Doch selbst mit einem Rückstand von fast einer Sekunde zu Rennhalbzeit ist Odermatt für seine Konkurrenten nicht abzufangen. Am nächsten kommt dem Seriensieger der Lokalmatador Manuel Feller. Der Österreicher liegt zur Halbzeit in Führung und verteidigt den Vorsprung gegenüber Odermatt bis kurz vors Ziel erfolgreich. Nach einem Fehler im Schlussteil fehlen ihm schliesslich mickrige fünf Hundertstel zum Heimsieg.
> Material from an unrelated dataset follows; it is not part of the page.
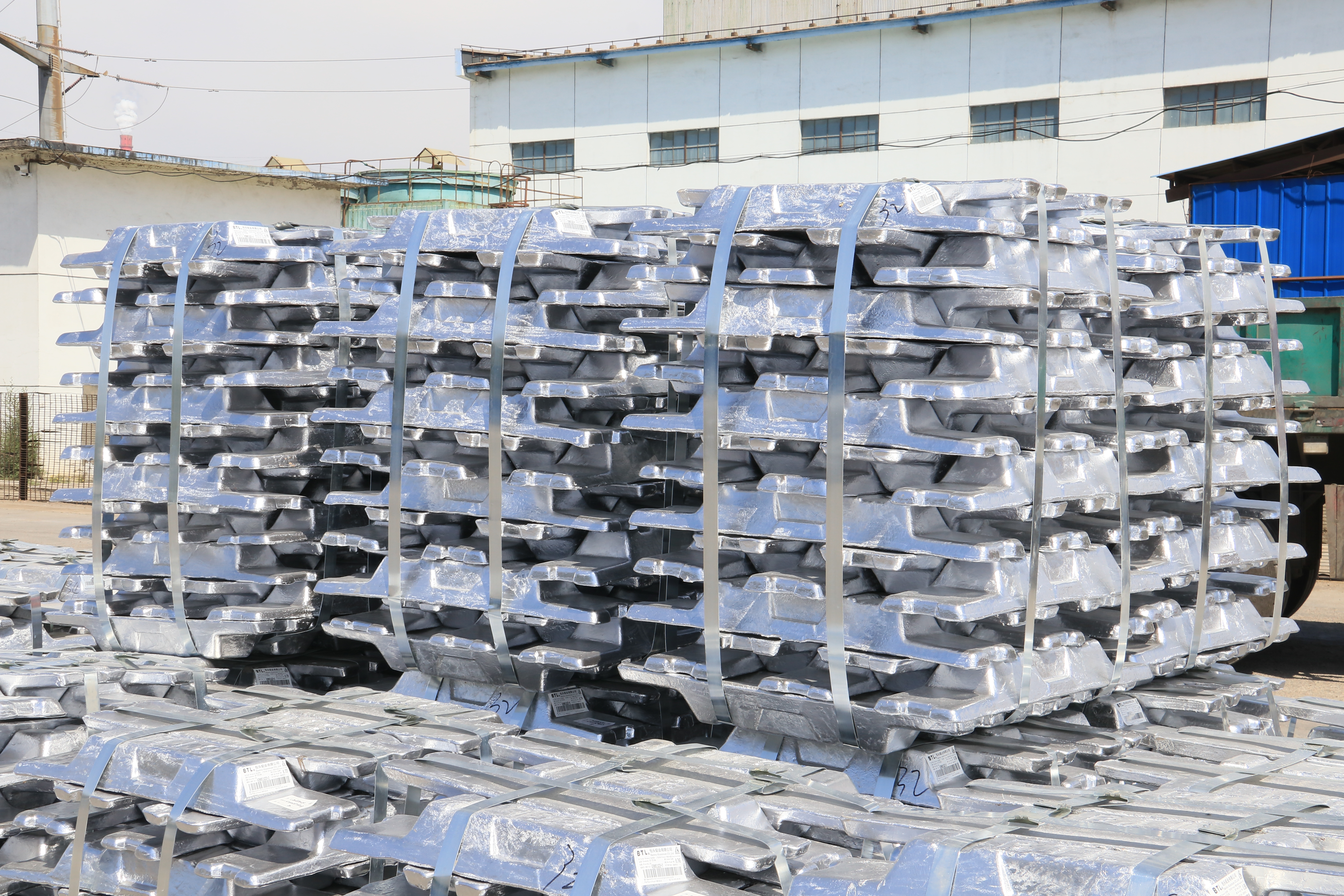 鑄造鋁合金錠ZLD102、ZLD104系列產(chǎn)品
Und Feller weiss: «So einfach macht er es dir normal nicht. Er hat mir die Chance gegeben und ich habe sie nicht genutzt.» Tatsächlich scheint Odermatt beim Nachtspektakel für einmal nicht ganz unschlagbar. Und genau deshalb stellt sich die Frage: Wenn die Konkurrenz den Überflieger an einem solchen Tag nicht übertrumpfen kann, wann dann?
Der Dunkelheit und der Müdigkeit zum Trotz
Zum einen bestreitet Odermatt auf der Planai, wo er im vergangenen Jahr verletzt passen muss, erstmals seit rund zehn Jahren ein Rennen bei Nacht. Den Hang in Schladming befährt er am Dienstag gar zum allerersten Mal. «Es hat definitiv Anpassung gebraucht. Es ist ganz anders», gibt er im SRF-Interview zu.
Andererseits macht der Dominator der Szene auf das Mammutprogramm aufmerksam, das er in den vergangenen Wochen bewältigt hat und das nicht spurlos an ihm vorbeigeht. «Gerade nach diesen Highlight-Wochen – es zeigt, dass wir alle Menschen sind und nicht immer jeder Lauf perfekt sein kann», sagt das «Nidwaldner Wunderkind», wie ihn die französische Sportzeitung «L'Équipe» umschreibt. Die österreichische «Krone» schreibt von einer «Ohrfeige für alle anderen».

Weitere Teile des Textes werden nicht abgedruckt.